Japan firms see U.S., China economies expanding at a healthy clip

Japan's national flag is seen in front of containers and cranes at an industrial port in Tokyo, Japan, January 25, 2017. REUTERS/Kim Kyung-Hoon/Files

TOKYO (Reuters) - A vast majority of Japanese firms are upbeat about the outlook for the U.S. economy, a Reuters poll found, a reassuring sign after some market concern earlier this year that the pace of U.S. growth could be slowing. (Japan Inc upbeat about U.S. and Chinese economic outlook, see graphic reut.rs/2yadSNB)
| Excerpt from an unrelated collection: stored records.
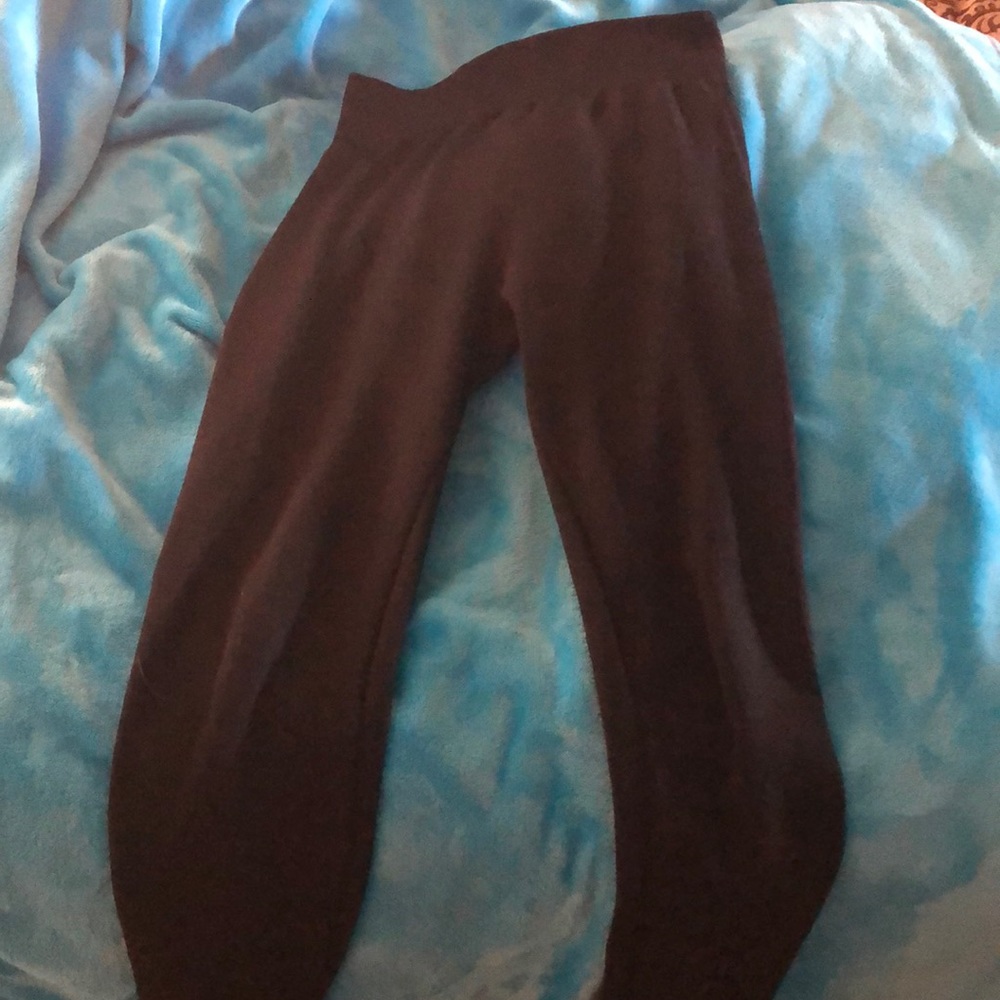 Warm leggings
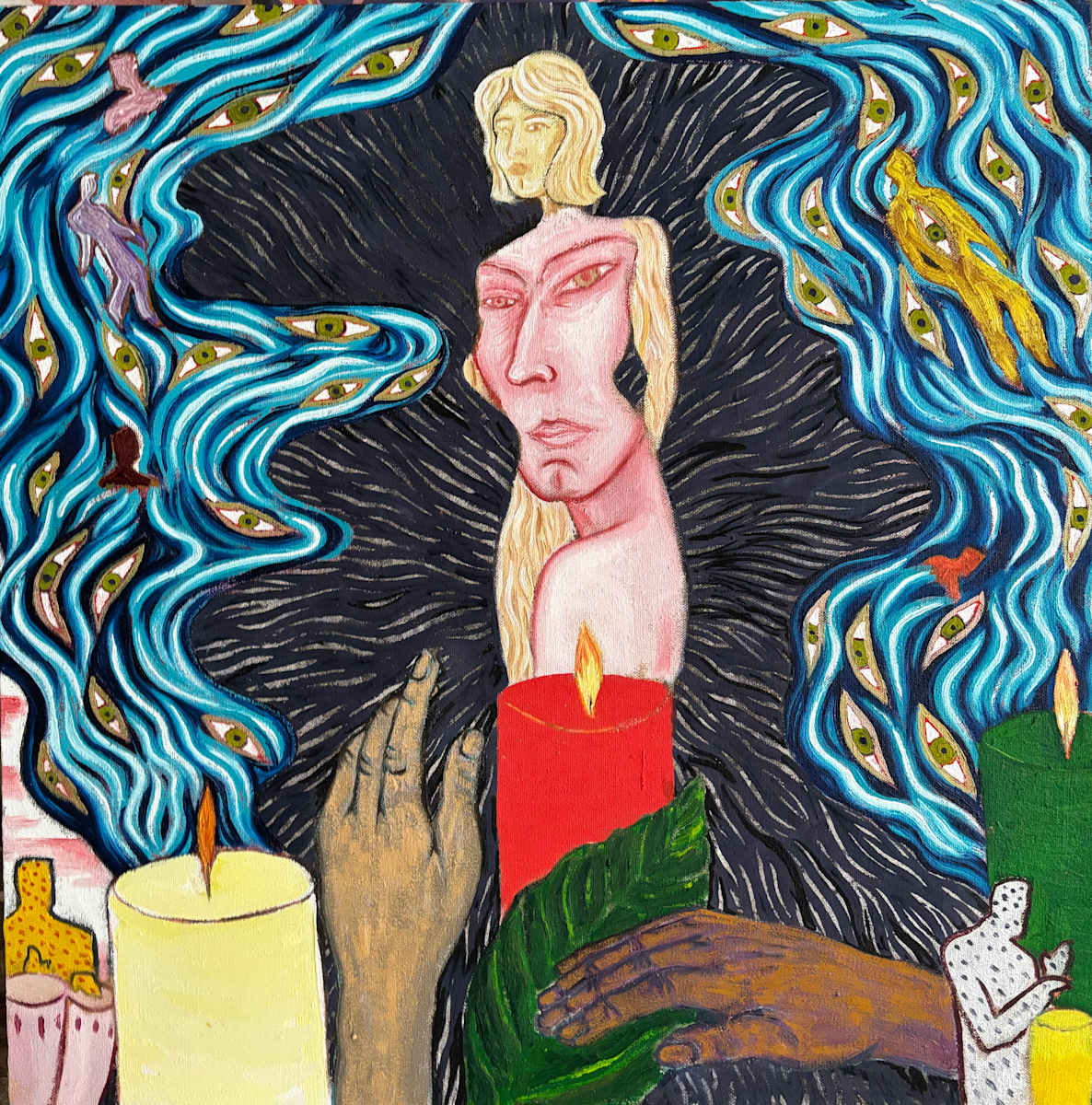 The Ivory Queen by Francis Pavy, Image 2.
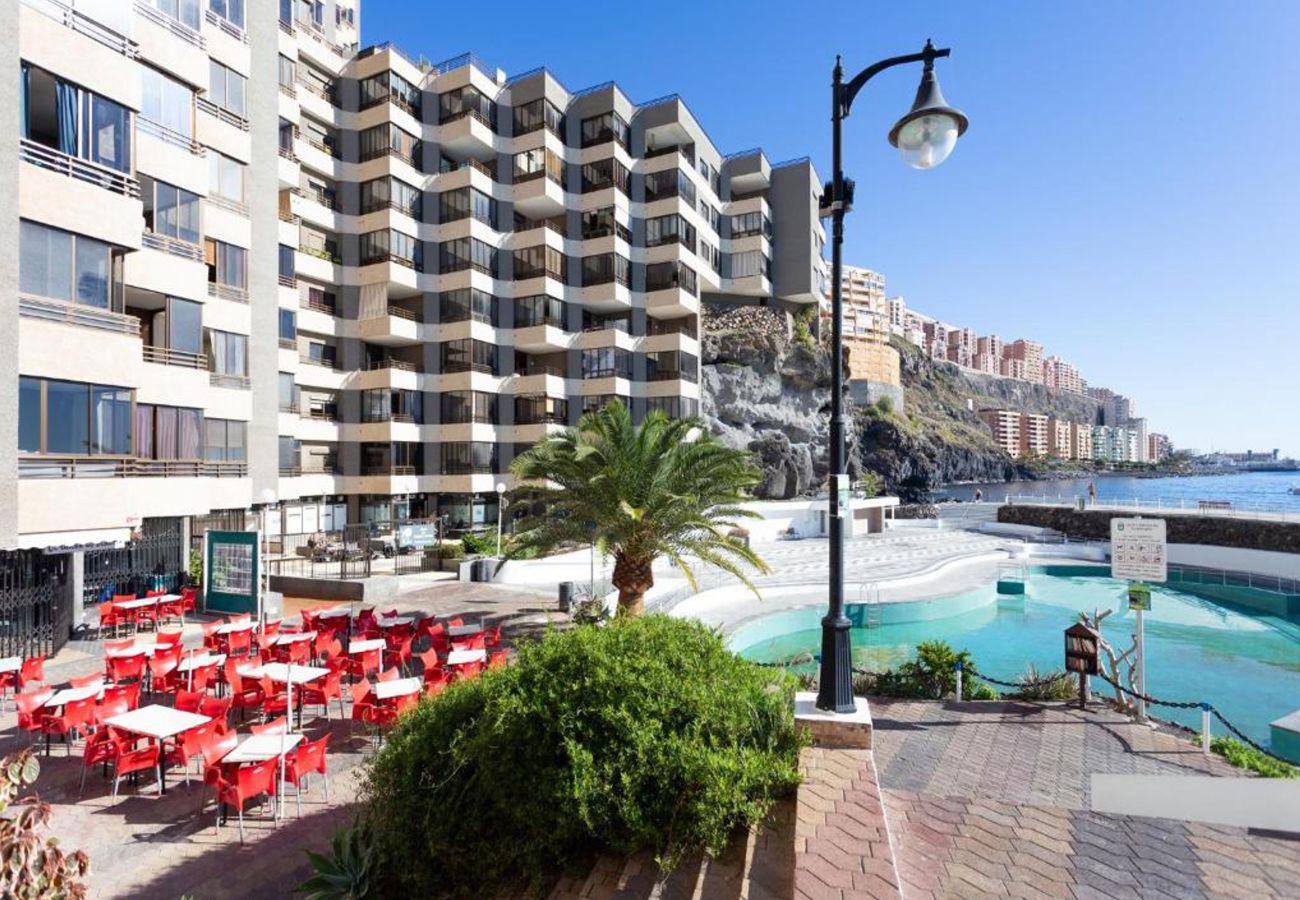 Apartamento en El Rosario - Live Tabaiba Maritime Avenue con vista del mar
Most also had a generally positive outlook for China’s economy even if the number of companies somewhat pessimistic about prospects was higher than for the U.S. economy.
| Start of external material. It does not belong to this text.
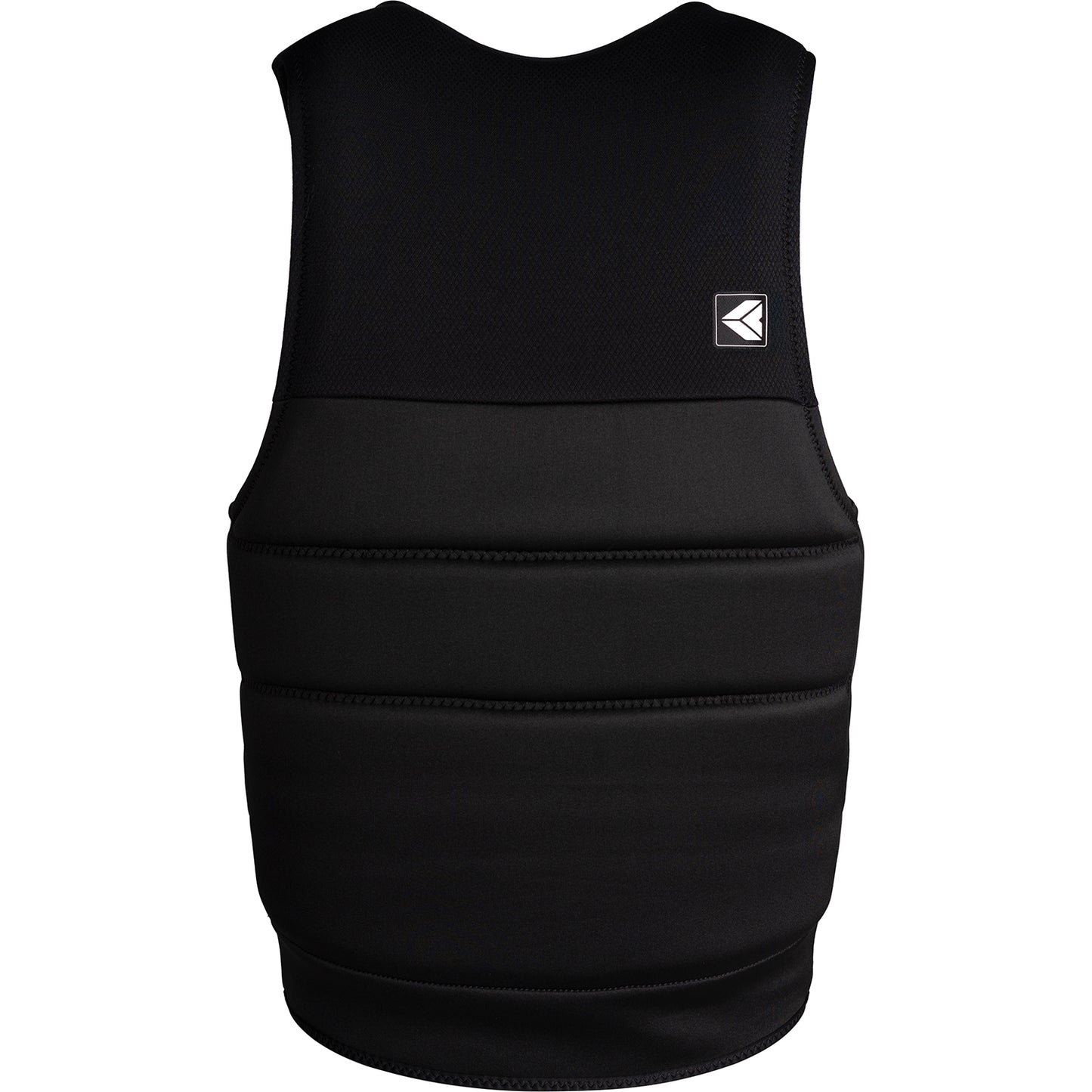 2027 KGB CORE VEST BLACK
The Reuters Corporate survey showed 64 percent of Japanese companies thought the U.S. economy would keep growing at around its current pace while another 19 percent saw it expanding further. Just 17 percent saw growth peaking out or slowing.
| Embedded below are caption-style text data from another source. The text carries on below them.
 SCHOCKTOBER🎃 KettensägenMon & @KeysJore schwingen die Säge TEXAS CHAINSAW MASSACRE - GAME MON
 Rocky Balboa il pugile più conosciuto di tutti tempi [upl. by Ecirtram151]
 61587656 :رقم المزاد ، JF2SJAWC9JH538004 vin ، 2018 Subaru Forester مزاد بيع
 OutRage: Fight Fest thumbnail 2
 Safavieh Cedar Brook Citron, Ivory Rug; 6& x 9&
“Given its strong fundamentals, and just looking at economic factors, the U.S. economy should continue to expand,” a manager at an electrical machinery maker wrote.

But like many other respondents, the manager also expressed concern about how well U.S. President Donald Trump’s administration would handle key policy issues.

“If the U.S. government malfunctions, that will affect the economy,” the manager wrote.

The survey was conducted Aug. 30-Sept. 12, during which U.S. second-quarter GDP was revised higher on robust consumer spending and strong business investment. Hurricane Harvey slammed into Texas just before the poll while Hurricane Irma hit Florida at the tail end of the survey.

Prior to the survey, economists were paring their GDP forecasts ever so slightly but better economic indicators since then have led to upward revisions.

A Reuters September poll of nearly 100 economists showed they expect the U.S. economy to expand at an annualised 2.6 percent in this quarter and 2.5 percent in the next, up from previous predictions in August of 2.5 and 2.4 percent.

A worker walks in a container area at a port in Tokyo, Japan January 25, 2016. REUTERS/Toru Hanai/Files

In the Reuters Corporate survey, 59 percent of Japanese firms with direct or indirect dealings with U.S. businesses, said that their business plans were on track. But 33 percent said there were signs of delays or stagnation while another 8 percent said they would have to review their business plans.

Analysts said, however, that it was hard to say if the number experiencing delays or problems was particularly high, and that this could just be many companies taking a cautious tone.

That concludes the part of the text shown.